Soğuk prosedürler günlük olarak yapılmalıdır. En iyisi sabahın erken saatlerinde, uykudan sonra ve önceden sıcak duş almadan. Bunu düşünmekten bile korkuyor musun? Ama bu işlemleri hiç yapmadınız. Öyleyse neden ondan korkuyorsun? Uzun süreli ağrı kesici ve yatıştırıcı (sakinleştirici ve antidepresanlar) kullanımı ile elde edilebilen bunama veya parkinsonizmden neden korkmuyorsunuz? Ek olarak, zaten bir ilaç alerjisi aldınız, ancak kendi vücudunuzun rezervlerine ve yeteneklerine değil, bazı ilaçlara, bu durumda halk ilaçlarına güvenmeye devam ediyorsunuz. Bu nedenle, çare olarak soğuk su uzun zamandır bilinmektedir. Kriyoterapinin kurucusu, çok ciddi rahatsızlıkları soğuk suyla ıslatarak, vücut sargılarını soğuk ıslak çarşaflarla tedavi eden doktor ve rahip Sebastian Kneipp'tir. Üstelik bu vakadaki ana hastalıklar baş ağrıları ve eklem ağrılarıydı.

Rusya'da Porfiry Ivanov, bu tür prosedürlerin popülerleştiricisiydi, ancak kendi terapötik önlemiyle - kafasına bir kova soğuk su döküldü. Pek çok takipçisi vardı ve şimdi bile periyodik olarak avluya çıkıp üzerlerine bir kova su döken insanlarla tanışıyorum. Kişisel olarak, iyileşme yöntemlerimi sergilemenin uygun olduğunu düşünmüyorum . Ama sonuçta önemli olan sonuçtur. Ve su prosedürlerini çare olarak kullananlar , kendi kabulleriyle , gerçekten birçok hastalıktan kurtulurlar .

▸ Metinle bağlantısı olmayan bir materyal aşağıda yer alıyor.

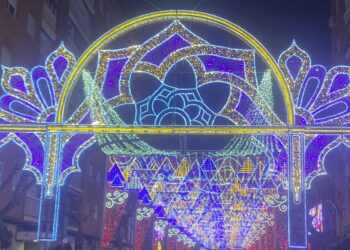 Peñaranda estrenará iluminación festiva en las Ferias y Fiestas de agosto con un nuevo arco decorativo en la plaza de la Constitución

Sabahları uyandıktan sonra 5 saniye soğuk baş banyosu almayı kişisel olarak önlem olarak tercih ediyorum . Bu prosedür çocuklarım, arkadaşlarım ve benzer düşünen insanlar tarafından yapılır . Bunların arasında artık sürekli ve uzun süreli baş ağrısı olan insanlarla tanışmıyorum .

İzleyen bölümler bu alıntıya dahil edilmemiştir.